→ Collected data
=== Begin Enclosure ===

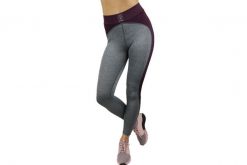 Leginsy fitness damskie Leggins GREY-HEART. Szare legginsy sportowe Gym Hero, s, bez wzorów, z elastanu, na fitness i siłownię. Za 99.99 zł.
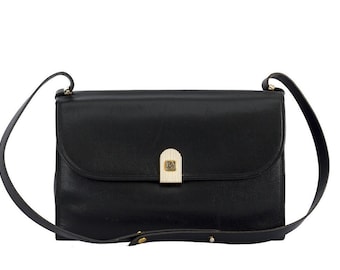 Vintage Christian Dior brown leather shoulder bag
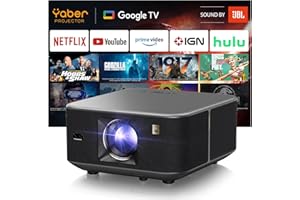 Yaber K3 Smart Beamer 【 Google TV & Sound by JBL】 Tageslicht Beamer mit WiFi 6 & Bluetooth, Handy Projektor für 4k Heimkino & Outdoor, Dolby Audio/Auto-Bildeinstellung, Netflix & 7000+ Apps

=== End Enclosure ===

→ Problem
Write out exactly and only the lines that run from the start of the data above through the line containing "Vintage Christian Dior", leaving the pictures out.

→ Task output
 Leginsy fitness damskie Leggins GREY-HEART. Szare legginsy sportowe Gym Hero, s, bez wzorów, z elastanu, na fitness i siłownię. Za 99.99 zł.
 Vintage Christian Dior brown leather shoulder bag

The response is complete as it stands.